◆ **Task statement**: The lines to reproduce run from the first one below to the line containing "Ver imagem 6", both included. Reproduce them exactly and nothing else.

+===+

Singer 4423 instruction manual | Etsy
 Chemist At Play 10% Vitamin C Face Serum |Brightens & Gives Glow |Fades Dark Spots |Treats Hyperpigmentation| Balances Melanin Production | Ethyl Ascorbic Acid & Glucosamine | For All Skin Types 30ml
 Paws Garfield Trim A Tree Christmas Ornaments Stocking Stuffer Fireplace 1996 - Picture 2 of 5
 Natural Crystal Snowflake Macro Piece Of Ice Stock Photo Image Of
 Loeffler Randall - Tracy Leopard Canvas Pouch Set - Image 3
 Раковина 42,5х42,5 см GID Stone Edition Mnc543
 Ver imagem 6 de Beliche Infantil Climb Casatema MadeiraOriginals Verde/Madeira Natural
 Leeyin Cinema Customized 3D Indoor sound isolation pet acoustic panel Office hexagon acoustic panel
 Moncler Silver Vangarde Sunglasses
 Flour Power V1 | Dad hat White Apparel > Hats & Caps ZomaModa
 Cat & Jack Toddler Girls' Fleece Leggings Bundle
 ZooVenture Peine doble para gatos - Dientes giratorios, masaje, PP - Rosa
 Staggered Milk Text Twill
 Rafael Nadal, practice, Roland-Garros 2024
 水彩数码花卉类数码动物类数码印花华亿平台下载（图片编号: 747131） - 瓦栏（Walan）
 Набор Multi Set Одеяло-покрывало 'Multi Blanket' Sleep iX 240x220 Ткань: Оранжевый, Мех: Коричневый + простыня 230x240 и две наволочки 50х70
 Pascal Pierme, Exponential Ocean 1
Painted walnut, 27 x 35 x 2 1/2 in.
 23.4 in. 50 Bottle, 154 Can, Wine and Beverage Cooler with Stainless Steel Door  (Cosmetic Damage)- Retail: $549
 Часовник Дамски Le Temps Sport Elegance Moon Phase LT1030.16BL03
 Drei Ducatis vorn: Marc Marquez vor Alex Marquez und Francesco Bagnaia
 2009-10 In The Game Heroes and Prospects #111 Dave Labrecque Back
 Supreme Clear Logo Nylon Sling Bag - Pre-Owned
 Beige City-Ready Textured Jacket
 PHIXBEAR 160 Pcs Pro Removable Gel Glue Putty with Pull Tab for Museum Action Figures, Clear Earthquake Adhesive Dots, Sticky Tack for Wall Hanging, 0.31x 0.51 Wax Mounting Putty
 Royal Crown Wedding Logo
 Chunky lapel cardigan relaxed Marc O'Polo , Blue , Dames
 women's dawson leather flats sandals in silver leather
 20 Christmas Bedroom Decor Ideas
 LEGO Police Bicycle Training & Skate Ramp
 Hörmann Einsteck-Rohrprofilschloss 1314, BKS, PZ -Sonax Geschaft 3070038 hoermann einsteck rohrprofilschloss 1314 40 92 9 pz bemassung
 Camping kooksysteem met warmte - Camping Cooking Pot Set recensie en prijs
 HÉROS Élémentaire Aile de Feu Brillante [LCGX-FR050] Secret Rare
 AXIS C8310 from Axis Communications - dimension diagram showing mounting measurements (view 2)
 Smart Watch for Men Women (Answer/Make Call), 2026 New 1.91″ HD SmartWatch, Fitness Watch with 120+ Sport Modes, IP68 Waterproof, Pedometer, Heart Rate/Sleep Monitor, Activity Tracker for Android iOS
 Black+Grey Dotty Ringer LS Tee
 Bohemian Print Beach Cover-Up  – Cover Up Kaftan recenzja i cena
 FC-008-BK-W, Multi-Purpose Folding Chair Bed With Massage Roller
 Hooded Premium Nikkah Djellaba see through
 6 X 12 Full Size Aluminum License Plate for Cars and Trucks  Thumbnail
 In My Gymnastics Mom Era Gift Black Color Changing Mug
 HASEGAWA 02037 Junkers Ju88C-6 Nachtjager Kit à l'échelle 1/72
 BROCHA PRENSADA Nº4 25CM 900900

+===+

◆ **Output for this task**:
Singer 4423 instruction manual | Etsy
 Chemist At Play 10% Vitamin C Face Serum |Brightens & Gives Glow |Fades Dark Spots |Treats Hyperpigmentation| Balances Melanin Production | Ethyl Ascorbic Acid & Glucosamine | For All Skin Types 30ml
 Paws Garfield Trim A Tree Christmas Ornaments Stocking Stuffer Fireplace 1996 - Picture 2 of 5
 Natural Crystal Snowflake Macro Piece Of Ice Stock Photo Image Of
 Loeffler Randall - Tracy Leopard Canvas Pouch Set - Image 3
 Раковина 42,5х42,5 см GID Stone Edition Mnc543
 Ver imagem 6 de Beliche Infantil Climb Casatema MadeiraOriginals Verde/Madeira Natural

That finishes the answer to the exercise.